= Given entries =
------------------------------------------------

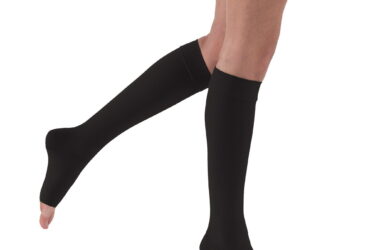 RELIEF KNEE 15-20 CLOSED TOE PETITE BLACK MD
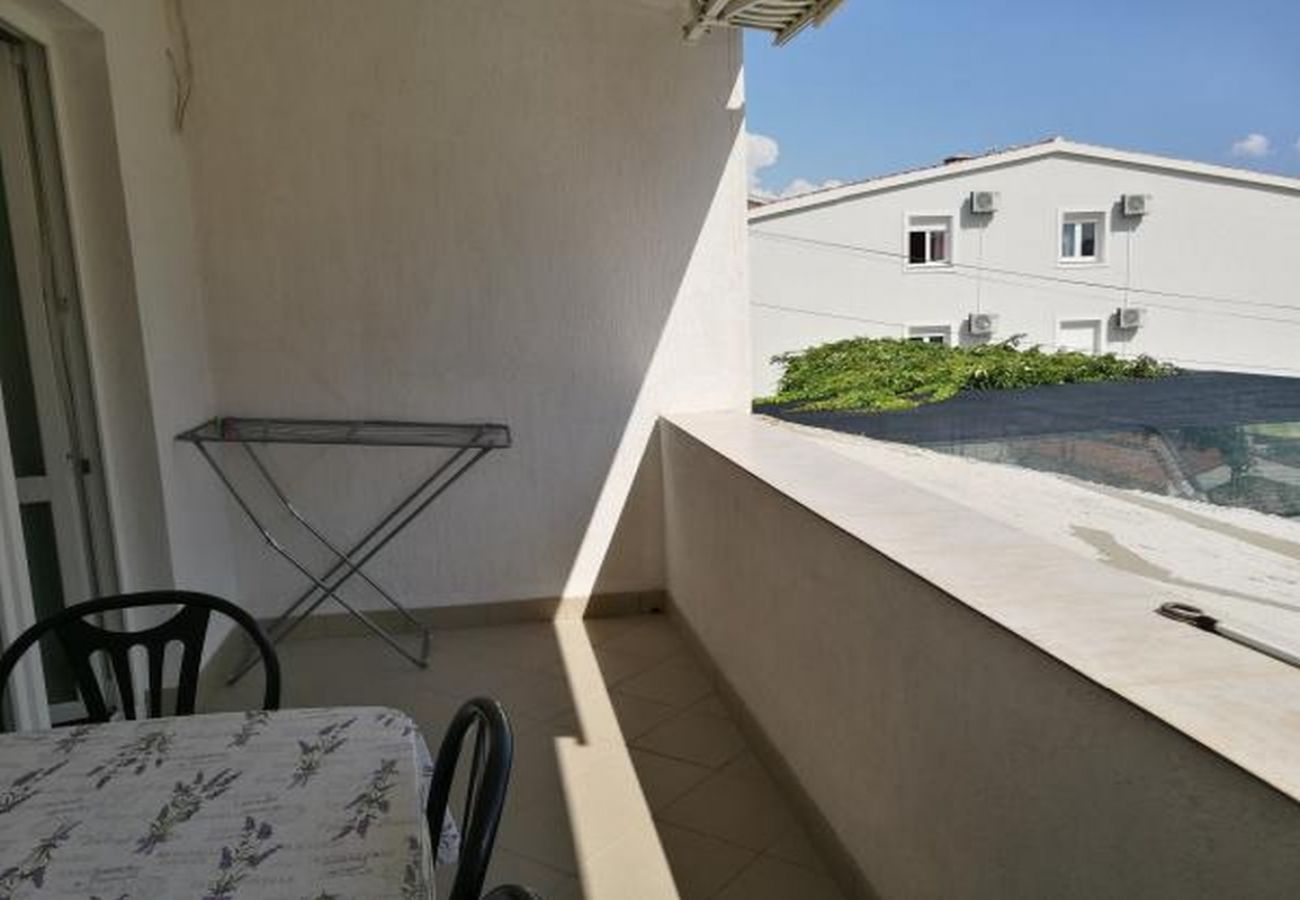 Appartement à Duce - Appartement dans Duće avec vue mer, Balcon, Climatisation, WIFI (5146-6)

------------------------------------------------

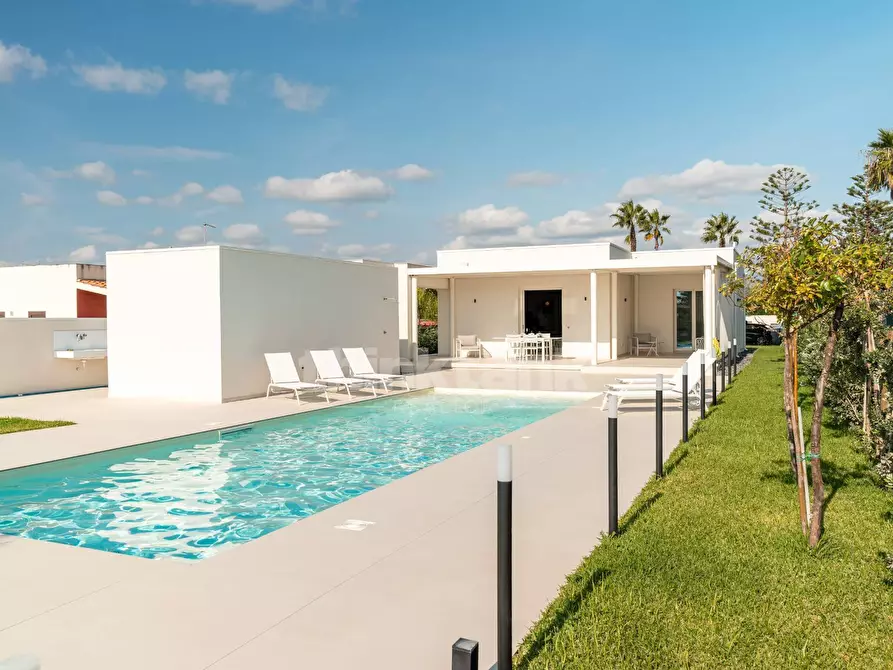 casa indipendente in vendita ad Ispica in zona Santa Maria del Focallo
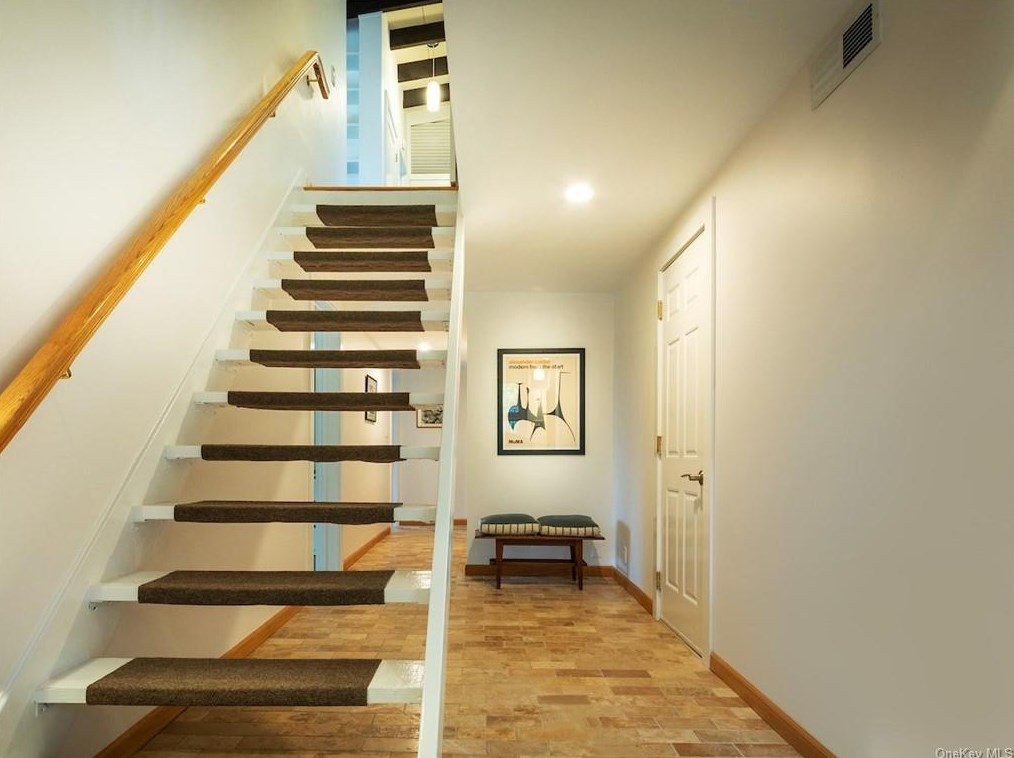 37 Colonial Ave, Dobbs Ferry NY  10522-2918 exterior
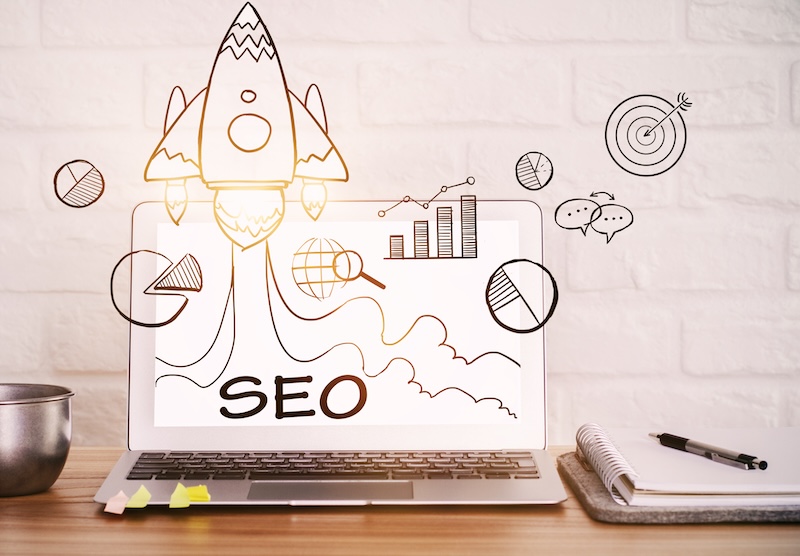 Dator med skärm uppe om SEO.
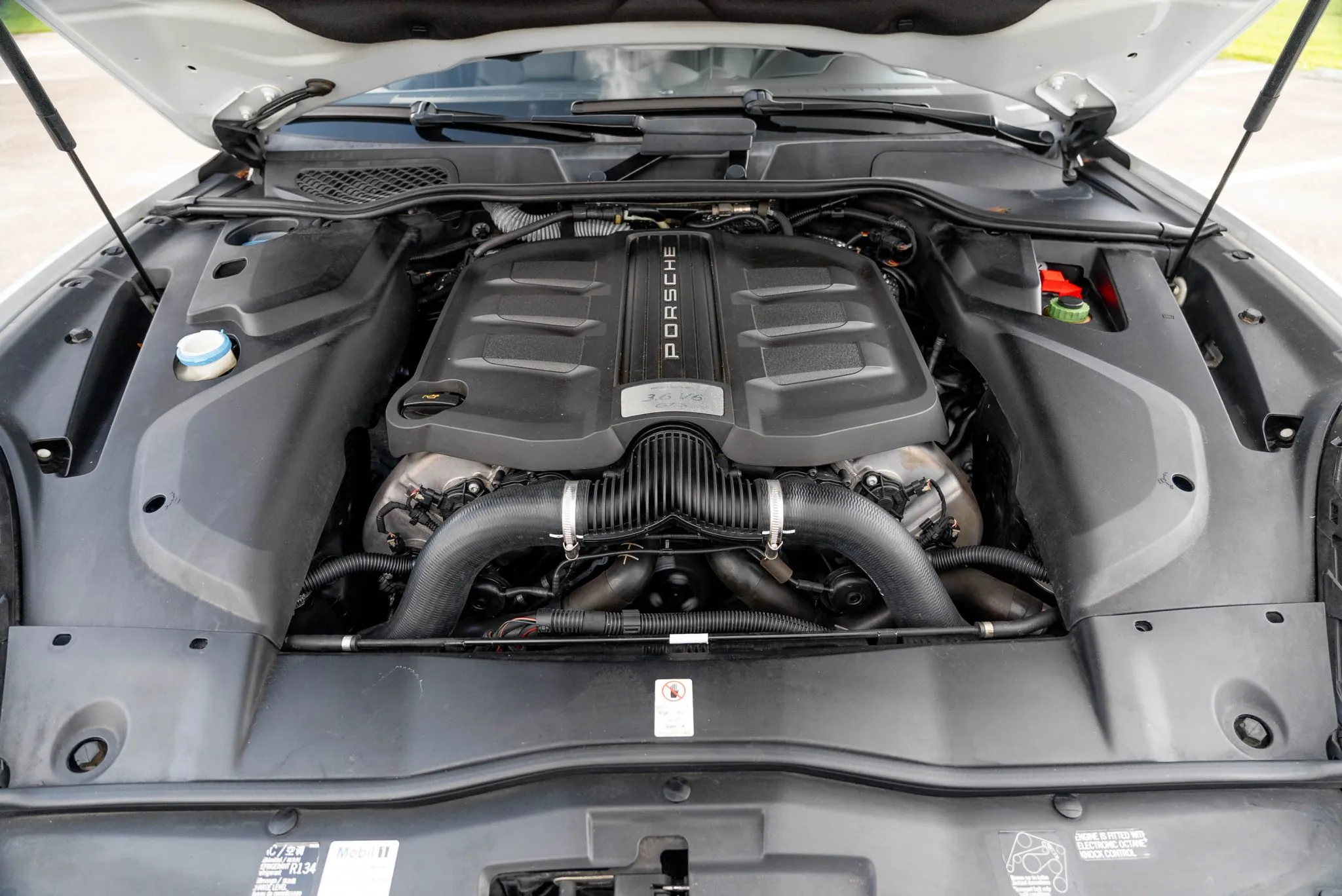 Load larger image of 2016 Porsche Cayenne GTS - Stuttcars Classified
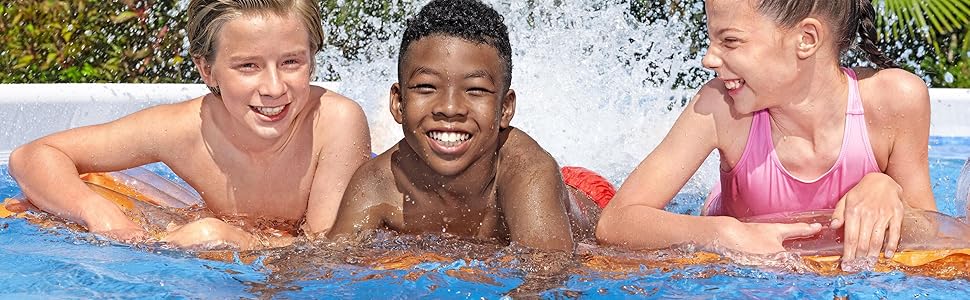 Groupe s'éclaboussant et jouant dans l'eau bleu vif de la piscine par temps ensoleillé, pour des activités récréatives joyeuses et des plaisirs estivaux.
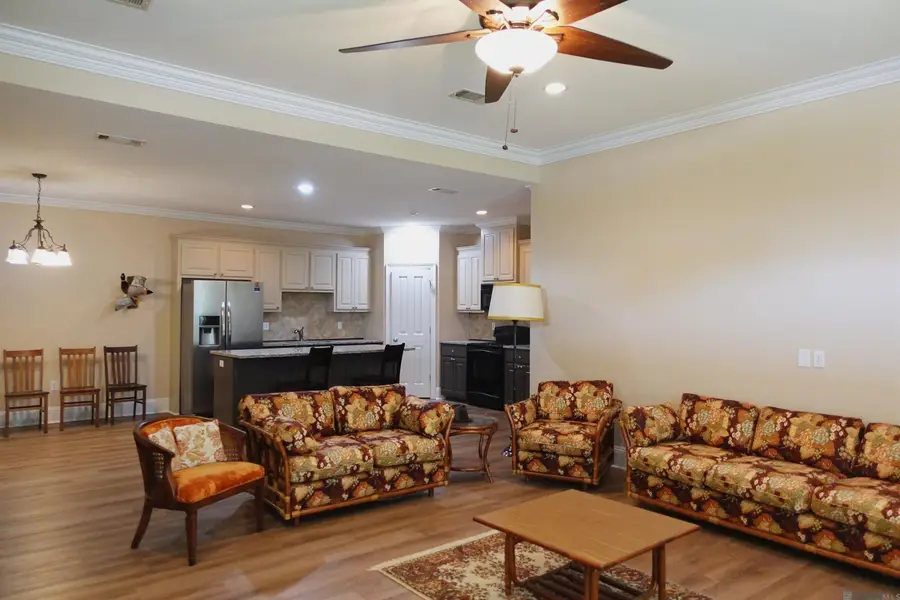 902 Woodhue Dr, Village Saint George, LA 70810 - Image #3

------------------------------------------------

= Assigned task =
Only the lines starting at the one that includes "RELIEF KNEE 15-20 CLOSED TOE PETITE BLACK MD" and ending at the one that includes "Appartement à Duce" should be retyped, exactly, from the records above; no pictures.

= Task response =
 RELIEF KNEE 15-20 CLOSED TOE PETITE BLACK MD
 Appartement à Duce - Appartement dans Duće avec vue mer, Balcon, Climatisation, WIFI (5146-6)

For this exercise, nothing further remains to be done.